It will be gone with the other
I think it's a mistake to regard Rinzai and Soto Zen as opposing schools or even as teaching something different. Sometimes it seems to be a mistake to think that other religions are teaching something different from Zen. I've been listening to audio downloads from an American Rinzai Zen temple called Cho Bo Ji. You can hear these on the RSS feed on the right hand column of my blog, but the best place to get them is as podcasts on iTunes. I've really been enjoying these. Genjo Marinello is as entertaining as he is profound. I can't recommend them enough. This morning he was talking about one of the Koans in the Blue Cliff Record - Daizu's "It will be gone with the other".
A monk asks Daizu if, when this incarnation of the universe comes to an end, 'It' (meaning Buddha, the Tao, the absolute) will be destroyed. Daizu says, much to the monk's dismay, 'It will be gone with the other'. Daizu is sabotaging the monk's attempt to clutch onto the essence of reality as something fixed and permanent.
Genjo Marinello then talks about getting to know the eccentric Zen Master and poet Soen Roshi when he was in Japan and recites some of his beautiful haiku:
Sky and water reflecting
He juxtaposes the monks question from the koan with the haiku:
'Will it be gone with the other?'
'It will be gone with the other'.
Yet 'Clearness. Sky and water reflecting my heart'. No talk of 'It'.
Hearing that on the podcast as I drove to work, after a weekend of Zen and visiting old friends in the south west, I had a sense of something profoundly sublime, which was quite overwhelming. It even brought me to tears for a few moments - I had to compose myself so that I didn't crash the car. I can only feebly try to describe it as a sense of a hand reaching out to grasp something and encountering empty space, only to be caressed by a gentle breeze blowing on the skin. Perhaps it shows how much further poetry can go than philosophy.
'Will It perish at the end of the universe?' really means 'is impermanence permanent or impermanent?' or 'does emptiness have a self-nature or not'? Daizu did not want the monk to cling to 'It' as a fixed thing. There are a significant number of Buddhists who interpret the meaning of their religion just like this: all phenomena are empty and impermanent apart from Buddha Nature which is permanent. I think the real meaning of Daizu's response was not 'emptiness has no self'. Nor, I think, did he just want to deny the unborn, undying nature of Buddha just as a teaching device to bring the student away from clinging merely to the idea of it. Reality is not to be regarded as a thing, which either passes out of existence or remains in a state of stasis. Reality is where concepts of birth and death and stasis have no meaning - these are conventions of thought and language - ultimately reality is beyond all of these terms. This is what Nagarjuna meant when he taught the 'emptiness of emptiness'.

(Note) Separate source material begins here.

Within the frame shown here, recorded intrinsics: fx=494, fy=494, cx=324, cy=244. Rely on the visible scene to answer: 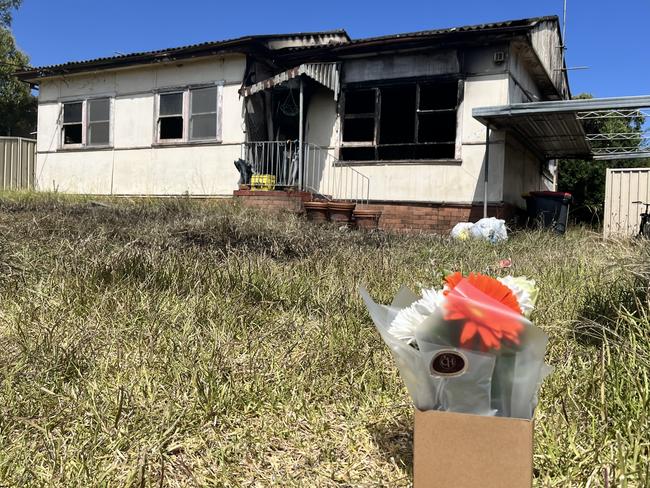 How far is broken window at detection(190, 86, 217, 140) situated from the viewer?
12062mm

Whatever is dependently co-arisen
That is explained to be emptiness.
That, being a dependent designation,
Is itself the middle way.
Something that is not dependently arisen,
Such a thing does not exist.
Therefore a nonempty thing
Does not exist.
A monk once asked Joshu “If I have nothing in my mind, what should I do?”
“Throw it out.” Replied Joshu.
“But if there is nothing in my mind how can I throw it out?”
“Then,” said Joshu, “you will have to carry it out.”